First of all, the javadoc has a FIXME. This ultimately helps to confuse the reader.

I will clear out the question in the FIXME though; maxConcurrency is not a terrible name for the variable. Emissions from the source is added onto a queue, and read from the queue rapidly hereafter it seems. Therefore the queue/buffer protect for concurrency mitigating data loss. (It's not clear to me why this has not been passed along on the stack in stead - but all of this is a bigger discussion - the same goes for the ReplayBuffer interfaces between add and replay). I think the default buffer size may even be a bit beefy (who has 32cores to overwhelm the buffer?) in any case the buffer size here really do regard the concurrency, and nothing else really.

Now onto what is actually important for me to have cleared; discard support.

The operator discard elements in the queue when downstream cancels, or when upstream errors. Concurrent overwhelming of the buffer will result in the items simply losing reference; which could result in untimely triggering. These items are not discarded nor dropped, and their companion Publisher are not cancelled.
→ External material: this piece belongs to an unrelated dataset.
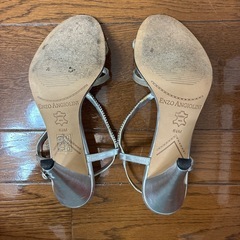 ENZO ANGIOLINI  ビジュー付きのシルバーサンダル の画像
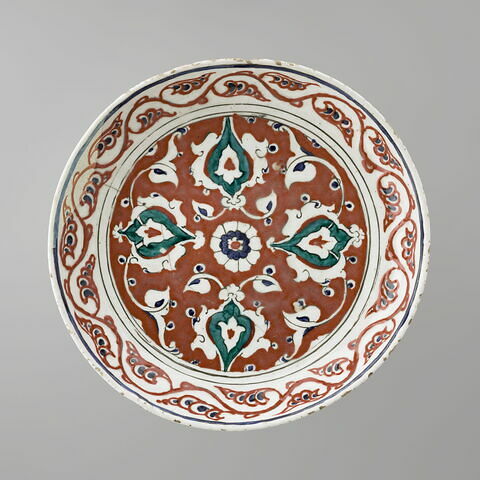 Plat aux palmettes et rumi sur fond rouge tomate, image 1/8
But the misleading wording tells the reader that items not part of the sampling are discarded; they are not. The trigger that a client needs to implement themselves to handle "discard" is the companion Publisher#cancel. The marble diagram hints at this, but I think the docs could be more clear here.
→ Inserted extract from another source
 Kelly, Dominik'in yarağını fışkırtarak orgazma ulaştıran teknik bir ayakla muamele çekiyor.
I can also report of a possible bug: it seems to me that the Publisher companion of an element that is successfully emitted to a downstream that cancelOnNext will itself be cancelled, causing the normal/successful element to become "discarded". I will investigate/recreate later.

The text was updated successfully, but these errors were encountered:

MikkelHJuul · 2024-01-12T12:14:27Z

Okay, I have now done some ground work on the Operator, but I have reached a standstill.

my work is present in the branch https://github.com/MikkelHJuul/reactor-core/tree/issues/3689

The implementation plainly ditch using a queue.

(which seems to be OK since the queue was used in an unsafe way, and would only really result in caching more Publishers than needed (you only need 1, and can only propagate values from that 1)) (and overflowing would drop elements silently)

I'm very aware that some corner-cases are not met in the implementation I link. My issue now, is that I disagree with some of the tests, and how the operator works/should work.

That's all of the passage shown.